• _Work request_
For this exercise, return exactly the lines of the material below that begin at the one with "Christmas Cards & Gift Bag Set thumbnail" and stop after the one with "Schleswig-Holstein, Bark, Naturschutzgebiet".

• _Data for review_

Content starts

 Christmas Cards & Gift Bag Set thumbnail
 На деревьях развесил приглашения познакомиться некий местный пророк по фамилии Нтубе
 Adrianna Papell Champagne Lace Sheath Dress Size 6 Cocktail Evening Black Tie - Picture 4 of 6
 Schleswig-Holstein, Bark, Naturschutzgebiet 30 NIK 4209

Content ends
Content starts

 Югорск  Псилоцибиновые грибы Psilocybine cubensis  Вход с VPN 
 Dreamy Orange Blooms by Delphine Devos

Content ends
Content starts

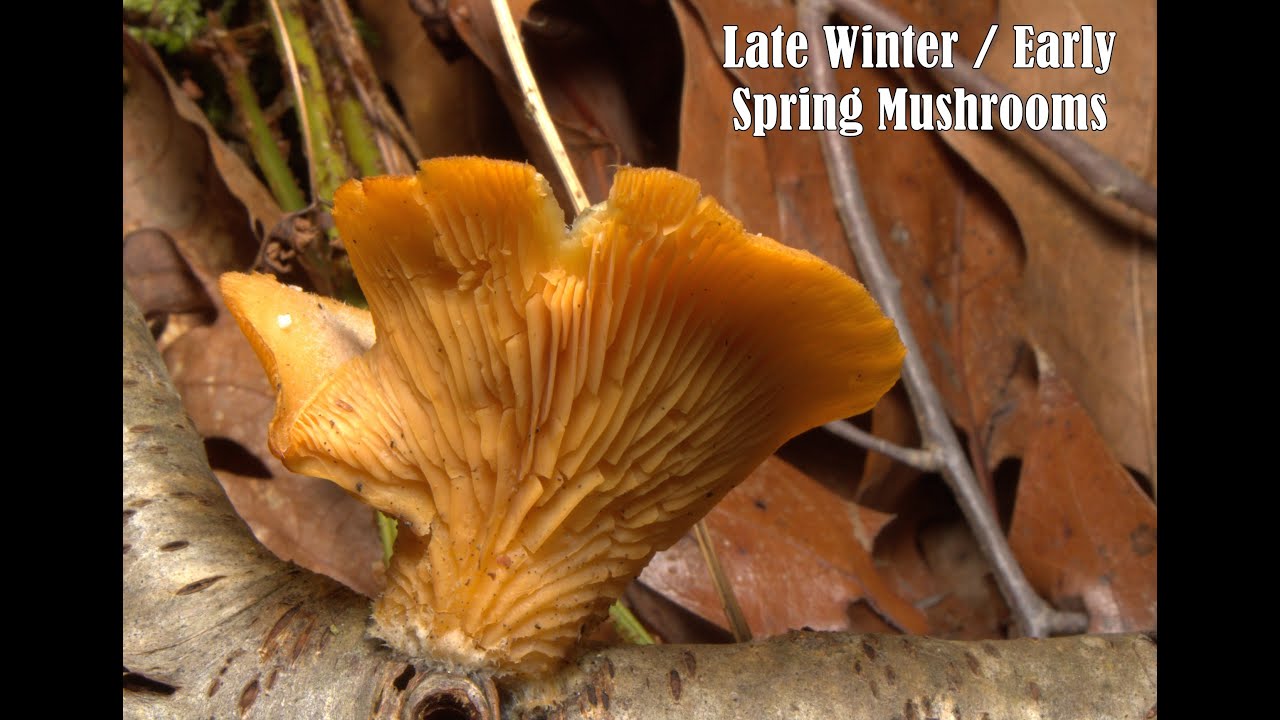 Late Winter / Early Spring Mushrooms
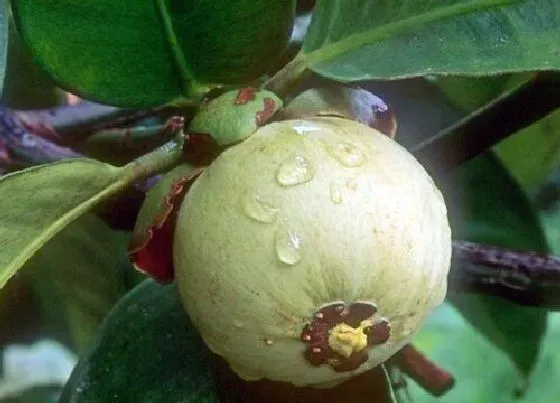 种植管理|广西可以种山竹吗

Content ends

• _Finished task_
 Christmas Cards & Gift Bag Set thumbnail
 На деревьях развесил приглашения познакомиться некий местный пророк по фамилии Нтубе
 Adrianna Papell Champagne Lace Sheath Dress Size 6 Cocktail Evening Black Tie - Picture 4 of 6
 Schleswig-Holstein, Bark, Naturschutzgebiet 30 NIK 4209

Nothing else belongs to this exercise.